Suara AAUI: “Tidak Boleh Jadi Beban Tambahan”

Dalam pernyataannya, AAUI menekankan bahwa desain skema co‑payment perlu memperhatikan kemampuan ekonomi masyarakat. Menurut mereka, mekanisme ini tidak boleh menjadi beban tambahan, terutama bagi keluarga miskin, lansia, ataupun penyandang disabilitas yang membutuhkan layanan medis berkala.

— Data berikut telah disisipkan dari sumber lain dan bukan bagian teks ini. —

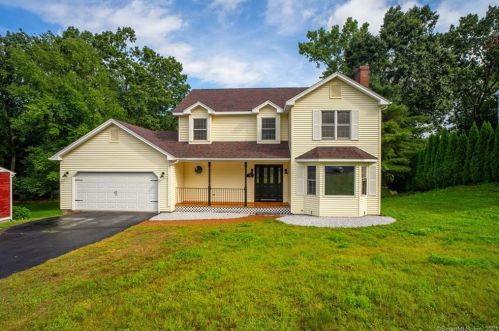 14 Fitzmaurice Cir, Windsor, CT 06095 exterior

Lebih jauh lagi, AAUI meminta pemberian batas atas (cap) jumlah co‑payment per pelayanan atau per pasien dalam jangka waktu tertentu. Hal ini bertujuan melindungi masyarakat dari beban tak terduga akibat biaya tambahan, dan diharapkan meningkatkan rasa aman masyarakat dalam menggunakan layanan kesehatan tanpa takut risiko finansial melambung.

Peluang Menguatkan Perlindungan Sosial

Penundaan ini membuka peluang memperkuat instrumen kesehatan inklusif seperti jaminan sosial (BPJS Kesehatan) dan asuransi swasta yang didesain sesuai kebutuhan lokal. Skema co‑payment yang ideal bisa berperan sebagai complementary cover—pelengkap asuransi utama yang memungkinkan masyarakat memperoleh pelayanan lebih baik tanpa risiko finansial berat.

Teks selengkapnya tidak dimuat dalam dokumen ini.